Медленно наступала темнота. Усилился ветер. Понеслись по лощинам снежные вихри-великаны, сталкивались друг с другом, рассыпались. Большое неяркое солнце спряталось за скалы. Пора. Сашка пополз от валуна к валуну, зарываясь с головой в снег. Сколько надо времени, чтобы под пулеметным огнем, по-пластунски, незаметно для врага преодолеть почти полуторакилометровое расстояние? Таких, поди, и нормативов спортивных нет. В полной тьме Сашка выполз к ручью, на шершавую, вздувшуюся как огромный спрут, ободранную ветрами наледь. Где-то здесь должен быть человек!
Сашка это знал точно, потому что хорошо видел, как секли немцы по левому берегу ручья, терюша сугробы. Где он? Сашка обследовал каждый валун, каждый сугроб — никого не было. Хотел уже уходить, когда заметил под снежным карнизом, образовавшимся на берегу ручья, лежавшего ничком снайпера. Осторожно подполз к нему, повернул лицо и вскрикнул. Это был Рамазан. Вражеская пуля вошла в заключичную ямочку и вышла у поясницы. Снег подтаял от крови. Сашка вцепился ему в руку, долго нащупывал и наконец облегченно вздохнул: пульс работал.
— Рамазан. Это я. Слышишь! — зашептал он. — Сейчас тебе будет хорошо.
Сашка размотал плащ-палатку, осторожно подсунул ее под Рамазана, закрутил лямки и начал потихоньку тянуть вдоль ручья, к своей обороне. Когда дотащился до кустарников, сделал передышку. Присел к раненому, шепотом спросил:
— Ну, как ты?
Губы Рамазана дрогнули:
— Видел я, как ты того фашиста снял… Я их хотел отвлекать от тебя…
— Спасибо, Рамазан, — Сашка гладил его лицо, шептал какие-то обнадеживающие слова и плакал.
Рамазан повторил сказанные когда-то Тимофеем Лопатиным слова:
— Я уберусь… Зинку и детишек не забудь, браток… Лисиц я не убивал, ты это лукавил… Никакого зверя не убивал. Прости.
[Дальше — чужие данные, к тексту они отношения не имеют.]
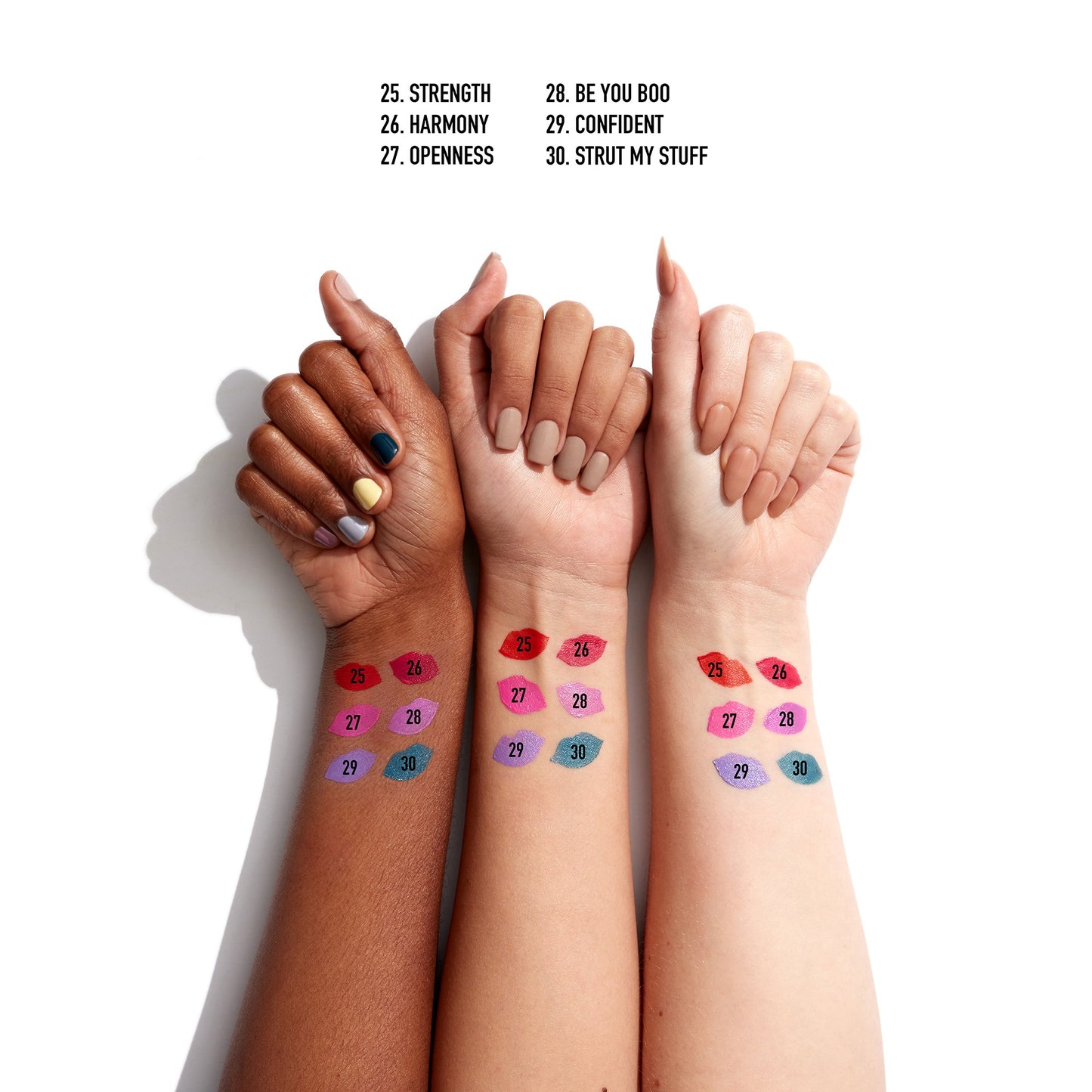 NYX Shout Loud Satin Lipstick, infused with mango and shea butter,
— Правильно, Рамазан, — обрадовался Сашка: коли уж парень про лисиц заговорил, значит легче стало. — Это я врал комбату!
Короткой была радость. Рамазан внезапно дернулся всем телом и не произнес больше ни слова. Сашка, чтобы вернуть ему сознание, растирал снегом лицо, уши… пробовал даже материть. Но быстро понял необратимость случившегося — Рамазан умер.
Сашка поднял и вынес его тело в расположение части.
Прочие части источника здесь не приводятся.